Output only the lines below that start at the line containing "St. John Kitten Heel" and end at the line containing "שמלת מיני קטיפה", with both ends kept.

DATASET:
======

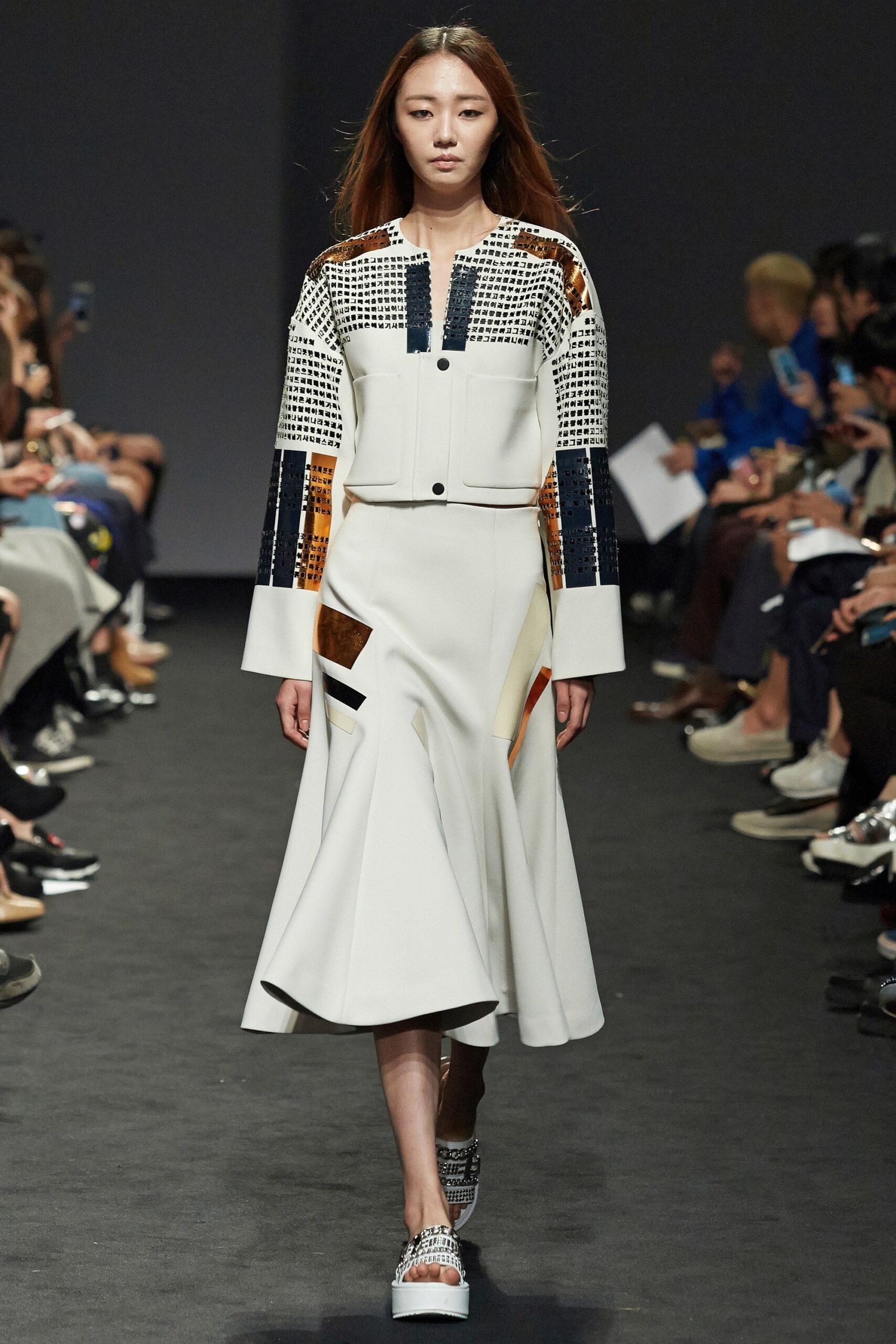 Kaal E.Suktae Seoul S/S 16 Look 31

======

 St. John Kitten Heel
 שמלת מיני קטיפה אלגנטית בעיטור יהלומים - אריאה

======

EXERCISE RESULT:
 St. John Kitten Heel
 שמלת מיני קטיפה אלגנטית בעיטור יהלומים - אריאה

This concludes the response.